I'd love to hear what everyone has to say on this topic, I feel at least in the western culture we are expected to have kids and sacrifice for them and all that, and I for one am looking to follow a different path through life. Of course as I am young I can't say with certainty I will maintain these ideas, but at least in this moment I feel strongly towards my views.


----------



## JEmerson (Mar 25, 2010)

I used to think I was on the fence, but I've realized I really want kids one day. I wish it were as simple as "find a wife, have kids" but I'm gay, so it's more complicated than that. I've started to become jealous of these couples having kids just for the simple fact that they can so easily. 

I think many people do have kids to fill something in their lives, and I don't think that's necessarily a bad thing. For many people, they don't feel that their lives would be complete without children. I feel that way myself. But that's not separate from wanting the child to develop into a great person who is the best they can be. I imagine the people who are having kids to fill something in their lives plan on raising the child the best they can, it's not two separate concepts. 

I don't believe it's anyone's moral duty to have children though. If you don't want kids, there's nothing wrong with that. My aunt and uncle never had any kids, they just have their dogs and huge house. People should do what they feel is best for them. I personally hope I can raise a kid one day, even if it takes more effort than it would for the typical couple.


----------



## pyramidsong (Apr 17, 2005)

I have absolutely no desire to have children, and I don't really experience any pressure to do so. Frankly, on the the odd occasion that someone has told me my choice is "selfish" or that "I'll change my mind one day" I haven't been bothered by it, as I feel such comments are more about their narrow-mindedness than about there being anything wrong with my life choices.


----------



## ktbare (Sep 13, 2009)

A part of me wishes I never had children, although I love my children more than life itself and it pains me to even think this.


----------



## cakesniffer (Nov 11, 2003)

Still don't know if I want to have kids in the future, but definitely not now.

I'm kind of curious how people who choose not to bring kids into this world are "selfish." I see it as the complete opposite.

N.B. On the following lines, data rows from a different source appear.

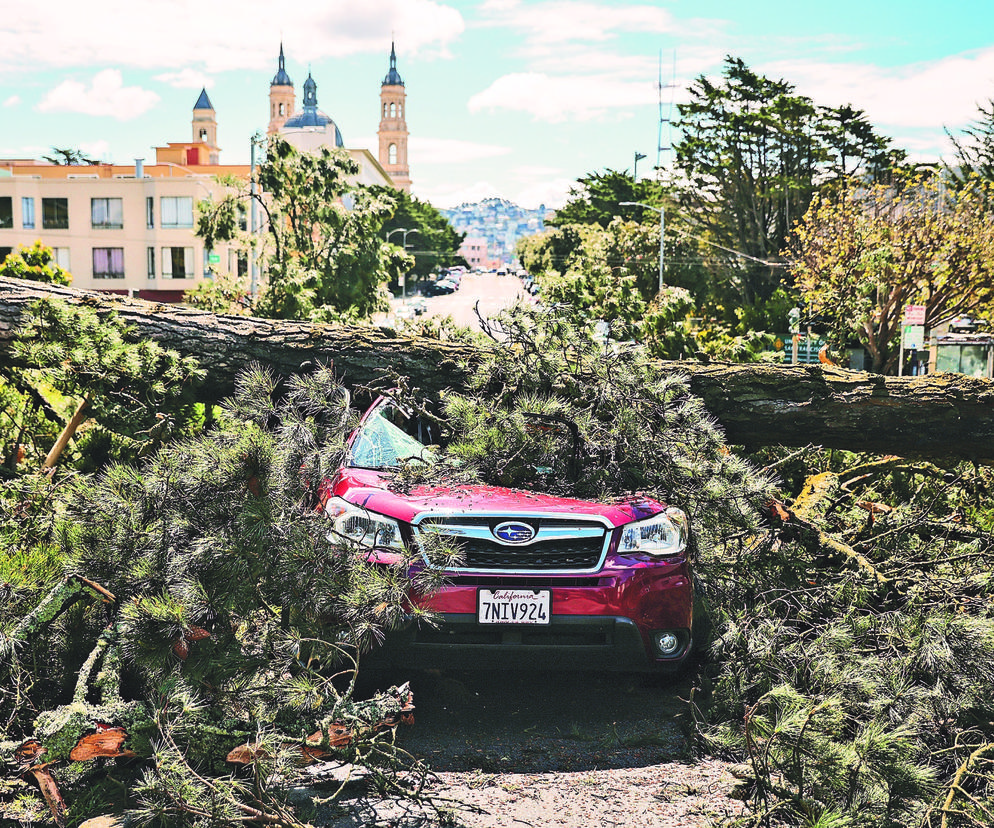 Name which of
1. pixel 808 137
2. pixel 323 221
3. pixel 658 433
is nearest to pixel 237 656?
pixel 658 433

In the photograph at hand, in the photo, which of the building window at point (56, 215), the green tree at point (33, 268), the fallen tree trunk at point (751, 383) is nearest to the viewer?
the fallen tree trunk at point (751, 383)

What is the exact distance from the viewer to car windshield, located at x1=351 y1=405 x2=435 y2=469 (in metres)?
5.08

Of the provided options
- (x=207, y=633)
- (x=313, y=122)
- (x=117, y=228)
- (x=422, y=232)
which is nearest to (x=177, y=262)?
(x=117, y=228)

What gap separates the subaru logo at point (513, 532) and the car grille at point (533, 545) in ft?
0.06

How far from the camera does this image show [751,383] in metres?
6.91

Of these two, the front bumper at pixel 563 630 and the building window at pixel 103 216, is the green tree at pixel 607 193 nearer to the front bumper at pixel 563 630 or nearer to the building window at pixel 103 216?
the building window at pixel 103 216

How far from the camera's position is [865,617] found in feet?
15.7

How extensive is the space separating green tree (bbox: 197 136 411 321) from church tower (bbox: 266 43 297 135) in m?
173

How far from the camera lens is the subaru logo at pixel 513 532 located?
4379mm

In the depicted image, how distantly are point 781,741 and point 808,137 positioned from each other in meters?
44.3

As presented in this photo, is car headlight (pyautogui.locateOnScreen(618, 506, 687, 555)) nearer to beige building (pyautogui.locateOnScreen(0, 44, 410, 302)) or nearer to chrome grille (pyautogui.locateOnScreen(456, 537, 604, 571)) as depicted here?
chrome grille (pyautogui.locateOnScreen(456, 537, 604, 571))

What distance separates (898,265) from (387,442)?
2455cm

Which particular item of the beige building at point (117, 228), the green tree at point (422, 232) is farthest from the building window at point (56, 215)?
the green tree at point (422, 232)

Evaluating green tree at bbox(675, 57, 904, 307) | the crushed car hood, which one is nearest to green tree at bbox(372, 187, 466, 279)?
green tree at bbox(675, 57, 904, 307) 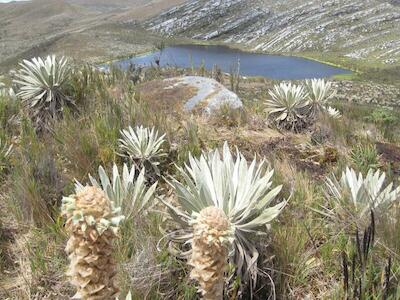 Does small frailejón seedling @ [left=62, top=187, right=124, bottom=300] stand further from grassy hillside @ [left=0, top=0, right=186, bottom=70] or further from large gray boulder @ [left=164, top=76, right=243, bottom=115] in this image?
grassy hillside @ [left=0, top=0, right=186, bottom=70]

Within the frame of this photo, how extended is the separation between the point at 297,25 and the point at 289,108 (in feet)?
232

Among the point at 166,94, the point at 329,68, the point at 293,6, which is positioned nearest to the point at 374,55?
the point at 329,68

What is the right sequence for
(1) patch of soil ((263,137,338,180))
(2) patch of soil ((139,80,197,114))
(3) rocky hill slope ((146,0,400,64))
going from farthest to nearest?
1. (3) rocky hill slope ((146,0,400,64))
2. (2) patch of soil ((139,80,197,114))
3. (1) patch of soil ((263,137,338,180))

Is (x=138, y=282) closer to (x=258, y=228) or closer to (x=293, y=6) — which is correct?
(x=258, y=228)

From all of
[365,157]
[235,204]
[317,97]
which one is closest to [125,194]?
[235,204]

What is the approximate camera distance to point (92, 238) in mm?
1403

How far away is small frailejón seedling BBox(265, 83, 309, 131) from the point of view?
7.59 m

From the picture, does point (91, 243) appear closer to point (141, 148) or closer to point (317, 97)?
point (141, 148)

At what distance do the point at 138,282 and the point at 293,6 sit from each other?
280 ft

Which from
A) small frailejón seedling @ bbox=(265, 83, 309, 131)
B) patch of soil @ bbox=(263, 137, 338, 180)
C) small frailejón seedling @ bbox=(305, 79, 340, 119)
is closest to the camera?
patch of soil @ bbox=(263, 137, 338, 180)

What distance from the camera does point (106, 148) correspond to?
4.26m

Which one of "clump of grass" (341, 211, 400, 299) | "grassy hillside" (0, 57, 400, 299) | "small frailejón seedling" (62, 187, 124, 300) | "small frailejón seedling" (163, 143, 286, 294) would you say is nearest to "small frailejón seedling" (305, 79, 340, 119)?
"grassy hillside" (0, 57, 400, 299)

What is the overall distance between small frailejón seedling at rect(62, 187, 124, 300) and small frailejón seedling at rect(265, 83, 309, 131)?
6142 millimetres

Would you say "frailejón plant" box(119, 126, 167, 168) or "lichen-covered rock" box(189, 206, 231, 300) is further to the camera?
"frailejón plant" box(119, 126, 167, 168) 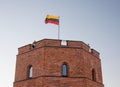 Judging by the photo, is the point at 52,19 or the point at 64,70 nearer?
the point at 64,70

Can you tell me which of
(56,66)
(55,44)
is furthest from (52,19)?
(56,66)

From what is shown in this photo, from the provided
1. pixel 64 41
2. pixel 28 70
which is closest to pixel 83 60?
pixel 64 41

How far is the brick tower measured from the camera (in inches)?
644

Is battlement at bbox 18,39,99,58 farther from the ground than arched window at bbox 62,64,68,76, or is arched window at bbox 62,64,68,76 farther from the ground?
battlement at bbox 18,39,99,58

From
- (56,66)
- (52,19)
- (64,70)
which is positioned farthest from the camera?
(52,19)

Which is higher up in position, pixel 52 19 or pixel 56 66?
pixel 52 19

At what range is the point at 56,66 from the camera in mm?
16688

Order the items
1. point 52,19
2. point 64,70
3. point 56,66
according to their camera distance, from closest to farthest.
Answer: point 56,66 < point 64,70 < point 52,19

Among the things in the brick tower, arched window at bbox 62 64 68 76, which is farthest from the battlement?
arched window at bbox 62 64 68 76

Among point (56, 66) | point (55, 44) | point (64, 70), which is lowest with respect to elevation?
point (64, 70)

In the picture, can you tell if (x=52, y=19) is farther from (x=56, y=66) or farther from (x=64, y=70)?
(x=64, y=70)

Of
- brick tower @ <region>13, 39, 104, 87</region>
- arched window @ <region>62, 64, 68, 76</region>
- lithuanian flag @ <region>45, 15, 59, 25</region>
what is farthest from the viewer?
lithuanian flag @ <region>45, 15, 59, 25</region>

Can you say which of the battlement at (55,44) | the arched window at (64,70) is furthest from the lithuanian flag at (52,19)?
the arched window at (64,70)

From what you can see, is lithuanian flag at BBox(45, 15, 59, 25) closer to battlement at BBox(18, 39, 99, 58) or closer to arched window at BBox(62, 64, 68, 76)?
battlement at BBox(18, 39, 99, 58) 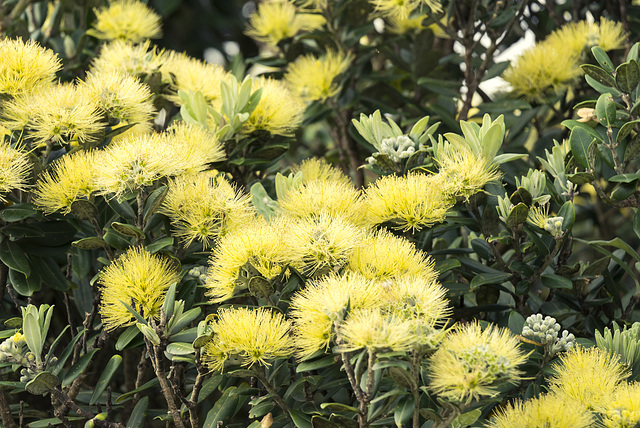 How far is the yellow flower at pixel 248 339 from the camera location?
4.58 feet

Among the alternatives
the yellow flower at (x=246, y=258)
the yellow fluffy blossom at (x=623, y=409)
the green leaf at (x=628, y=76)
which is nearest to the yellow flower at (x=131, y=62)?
the yellow flower at (x=246, y=258)

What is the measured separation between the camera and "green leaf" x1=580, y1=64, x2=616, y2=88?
189 centimetres

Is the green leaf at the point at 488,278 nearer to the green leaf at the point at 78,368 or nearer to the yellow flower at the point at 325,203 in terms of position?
the yellow flower at the point at 325,203

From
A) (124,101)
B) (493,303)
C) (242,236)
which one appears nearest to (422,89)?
(493,303)

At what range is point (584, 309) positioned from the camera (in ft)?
6.43

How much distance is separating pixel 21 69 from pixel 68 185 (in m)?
0.41

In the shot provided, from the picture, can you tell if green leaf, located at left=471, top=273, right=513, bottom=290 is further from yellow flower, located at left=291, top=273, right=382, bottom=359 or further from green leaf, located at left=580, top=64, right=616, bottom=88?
green leaf, located at left=580, top=64, right=616, bottom=88

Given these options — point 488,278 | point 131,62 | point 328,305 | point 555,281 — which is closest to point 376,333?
point 328,305

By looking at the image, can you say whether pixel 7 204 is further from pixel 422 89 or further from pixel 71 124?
pixel 422 89

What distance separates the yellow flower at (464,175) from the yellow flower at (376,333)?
482mm

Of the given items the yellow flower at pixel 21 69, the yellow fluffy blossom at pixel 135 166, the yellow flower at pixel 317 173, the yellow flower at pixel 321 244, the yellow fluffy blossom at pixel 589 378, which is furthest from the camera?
the yellow flower at pixel 317 173

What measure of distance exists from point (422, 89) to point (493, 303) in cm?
130

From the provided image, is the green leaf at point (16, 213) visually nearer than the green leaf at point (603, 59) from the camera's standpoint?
Yes

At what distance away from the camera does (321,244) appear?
1476 millimetres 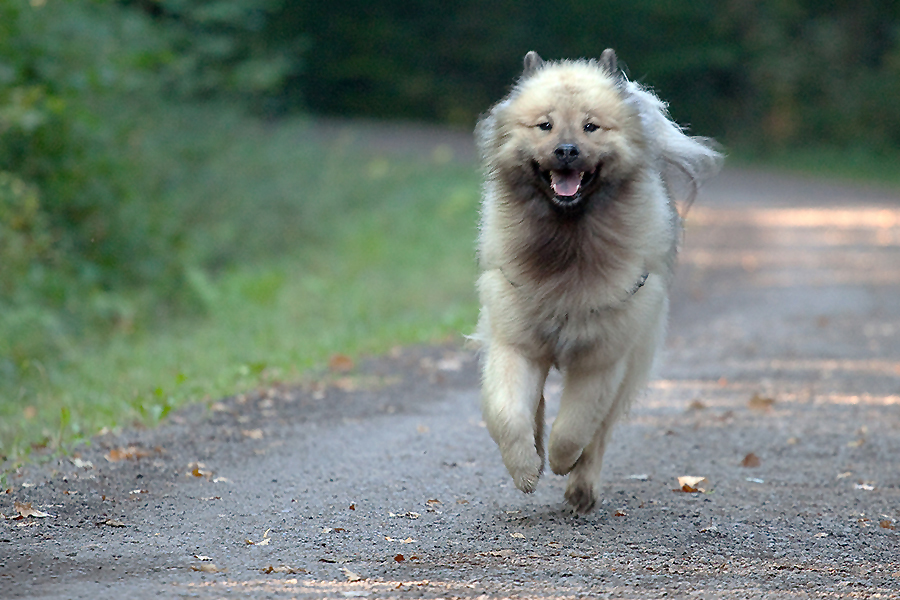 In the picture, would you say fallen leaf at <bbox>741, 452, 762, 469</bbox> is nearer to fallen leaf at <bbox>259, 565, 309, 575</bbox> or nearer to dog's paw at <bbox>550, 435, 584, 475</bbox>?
dog's paw at <bbox>550, 435, 584, 475</bbox>

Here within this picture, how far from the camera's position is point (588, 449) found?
4988 mm

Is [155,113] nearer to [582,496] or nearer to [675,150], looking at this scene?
[675,150]

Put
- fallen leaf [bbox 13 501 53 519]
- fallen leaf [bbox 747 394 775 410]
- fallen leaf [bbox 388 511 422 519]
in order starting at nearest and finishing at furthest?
fallen leaf [bbox 13 501 53 519] → fallen leaf [bbox 388 511 422 519] → fallen leaf [bbox 747 394 775 410]

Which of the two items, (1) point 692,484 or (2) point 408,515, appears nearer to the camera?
(2) point 408,515

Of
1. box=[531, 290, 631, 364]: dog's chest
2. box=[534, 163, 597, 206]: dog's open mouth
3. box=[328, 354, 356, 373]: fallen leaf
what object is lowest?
box=[328, 354, 356, 373]: fallen leaf

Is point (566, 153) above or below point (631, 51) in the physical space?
below

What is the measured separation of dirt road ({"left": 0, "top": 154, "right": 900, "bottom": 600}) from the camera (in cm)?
400

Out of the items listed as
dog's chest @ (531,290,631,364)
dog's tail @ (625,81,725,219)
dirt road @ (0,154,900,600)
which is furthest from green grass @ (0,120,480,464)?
dog's chest @ (531,290,631,364)

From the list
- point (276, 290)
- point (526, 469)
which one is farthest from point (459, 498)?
point (276, 290)

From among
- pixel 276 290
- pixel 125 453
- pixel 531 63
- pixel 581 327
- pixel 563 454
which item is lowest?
pixel 276 290

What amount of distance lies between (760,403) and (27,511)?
4.61 m

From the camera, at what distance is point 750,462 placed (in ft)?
19.2

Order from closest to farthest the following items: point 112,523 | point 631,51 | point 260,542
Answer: point 260,542
point 112,523
point 631,51

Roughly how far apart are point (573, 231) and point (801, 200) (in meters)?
18.5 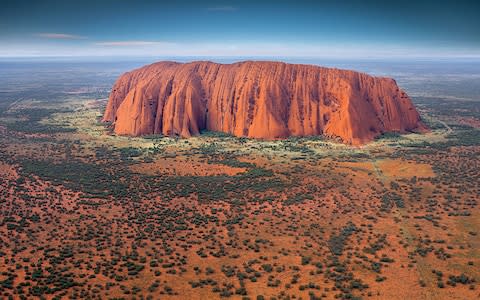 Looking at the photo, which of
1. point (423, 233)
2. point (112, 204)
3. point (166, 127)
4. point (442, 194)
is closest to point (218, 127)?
point (166, 127)

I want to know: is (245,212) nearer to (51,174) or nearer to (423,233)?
(423,233)

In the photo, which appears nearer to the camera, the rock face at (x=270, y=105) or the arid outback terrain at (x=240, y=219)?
the arid outback terrain at (x=240, y=219)

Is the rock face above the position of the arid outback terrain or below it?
above

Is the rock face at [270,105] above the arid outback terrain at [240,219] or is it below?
above

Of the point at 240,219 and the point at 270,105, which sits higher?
the point at 270,105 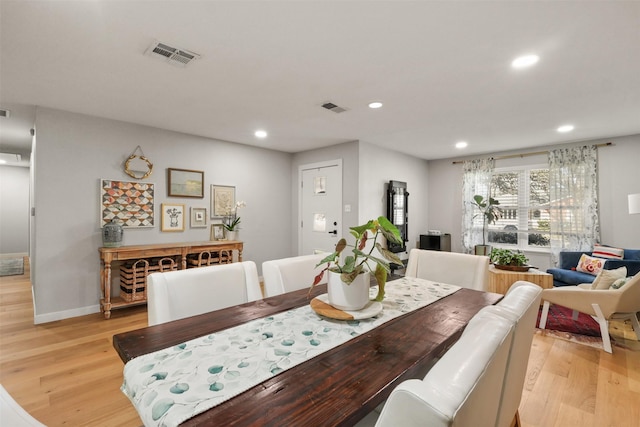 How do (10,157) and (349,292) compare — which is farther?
(10,157)

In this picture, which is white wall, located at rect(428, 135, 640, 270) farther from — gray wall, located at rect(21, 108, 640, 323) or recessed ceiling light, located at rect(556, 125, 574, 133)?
recessed ceiling light, located at rect(556, 125, 574, 133)

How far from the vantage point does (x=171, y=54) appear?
212 cm

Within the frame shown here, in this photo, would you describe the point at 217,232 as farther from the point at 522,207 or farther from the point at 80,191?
the point at 522,207

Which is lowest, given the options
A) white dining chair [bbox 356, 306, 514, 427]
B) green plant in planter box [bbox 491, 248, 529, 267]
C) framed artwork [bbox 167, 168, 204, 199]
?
green plant in planter box [bbox 491, 248, 529, 267]

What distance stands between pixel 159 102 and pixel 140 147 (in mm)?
1063

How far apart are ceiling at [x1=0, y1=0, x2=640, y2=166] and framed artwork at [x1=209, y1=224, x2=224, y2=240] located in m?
1.50

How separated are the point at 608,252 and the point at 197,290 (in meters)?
4.93

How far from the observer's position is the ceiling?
168cm

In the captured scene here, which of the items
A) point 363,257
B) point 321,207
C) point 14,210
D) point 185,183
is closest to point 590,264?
point 321,207

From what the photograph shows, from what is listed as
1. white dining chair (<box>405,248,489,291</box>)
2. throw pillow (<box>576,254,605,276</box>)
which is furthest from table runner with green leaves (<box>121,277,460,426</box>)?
throw pillow (<box>576,254,605,276</box>)

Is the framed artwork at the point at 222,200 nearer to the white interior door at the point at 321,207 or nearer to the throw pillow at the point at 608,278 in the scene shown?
the white interior door at the point at 321,207

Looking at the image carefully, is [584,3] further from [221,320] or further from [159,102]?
[159,102]

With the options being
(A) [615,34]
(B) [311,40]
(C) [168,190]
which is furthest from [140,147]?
(A) [615,34]

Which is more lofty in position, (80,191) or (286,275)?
(80,191) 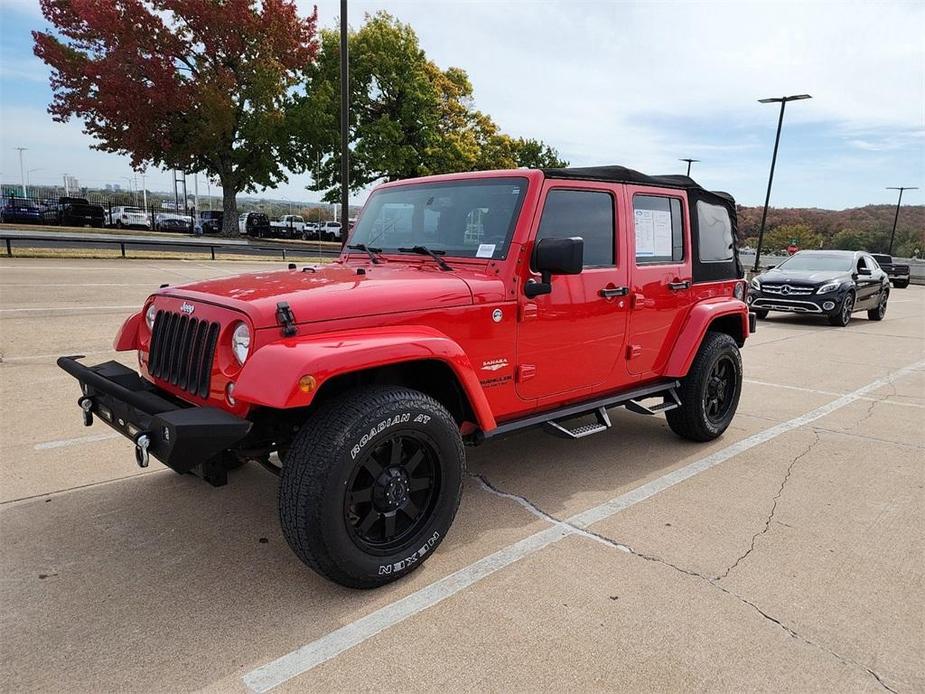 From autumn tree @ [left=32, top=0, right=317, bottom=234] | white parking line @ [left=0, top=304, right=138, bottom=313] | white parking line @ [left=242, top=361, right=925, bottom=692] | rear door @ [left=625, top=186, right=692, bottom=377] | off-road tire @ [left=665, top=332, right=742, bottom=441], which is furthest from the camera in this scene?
autumn tree @ [left=32, top=0, right=317, bottom=234]

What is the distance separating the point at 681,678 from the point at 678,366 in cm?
255

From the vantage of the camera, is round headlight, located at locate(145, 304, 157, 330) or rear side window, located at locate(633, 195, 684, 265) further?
rear side window, located at locate(633, 195, 684, 265)

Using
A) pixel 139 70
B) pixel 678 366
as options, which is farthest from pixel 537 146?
pixel 678 366

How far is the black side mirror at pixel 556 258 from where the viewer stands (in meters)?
3.15

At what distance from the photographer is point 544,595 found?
9.09ft

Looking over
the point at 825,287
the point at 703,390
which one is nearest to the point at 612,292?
the point at 703,390

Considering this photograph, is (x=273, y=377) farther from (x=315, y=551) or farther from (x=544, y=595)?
(x=544, y=595)

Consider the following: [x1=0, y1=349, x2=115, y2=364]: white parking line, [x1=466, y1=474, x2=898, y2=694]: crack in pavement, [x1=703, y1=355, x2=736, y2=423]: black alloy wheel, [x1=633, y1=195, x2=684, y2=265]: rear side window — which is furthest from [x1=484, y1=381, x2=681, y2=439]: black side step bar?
[x1=0, y1=349, x2=115, y2=364]: white parking line

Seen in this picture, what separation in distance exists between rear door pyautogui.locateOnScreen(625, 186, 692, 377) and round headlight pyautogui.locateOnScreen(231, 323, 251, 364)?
8.06 feet

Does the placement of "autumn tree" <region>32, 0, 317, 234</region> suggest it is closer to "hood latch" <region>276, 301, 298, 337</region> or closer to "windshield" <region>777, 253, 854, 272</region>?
"windshield" <region>777, 253, 854, 272</region>

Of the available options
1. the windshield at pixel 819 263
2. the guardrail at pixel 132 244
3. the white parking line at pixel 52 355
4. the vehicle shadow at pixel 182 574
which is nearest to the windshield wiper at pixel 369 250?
the vehicle shadow at pixel 182 574

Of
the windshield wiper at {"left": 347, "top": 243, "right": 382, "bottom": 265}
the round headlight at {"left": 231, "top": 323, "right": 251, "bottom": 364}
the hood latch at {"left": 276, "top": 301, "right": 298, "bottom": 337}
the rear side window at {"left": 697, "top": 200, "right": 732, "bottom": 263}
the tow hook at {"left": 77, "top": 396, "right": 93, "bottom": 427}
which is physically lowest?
the tow hook at {"left": 77, "top": 396, "right": 93, "bottom": 427}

I know too many people who bring kids into this world because they believe it's God's will, or they have to pass on their family name, or it's just what people are supposed to do... That's just silly.


----------



## Ysonesse (Dec 25, 2009)

I never wanted kids. I don't have kids. I will never have kids. Tada!


----------



## Neptunus (Oct 29, 2007)

No kids, ever!


----------



## SusanStorm (Oct 27, 2006)

I've never had the desire to have children and still I don't want any.
I can't be 100% sure that I never will have children because you never know,but I'm happy with not having children.
The people that I've heard say that having children gives life meaning really have to reconsider their views because this is not the case for everyone.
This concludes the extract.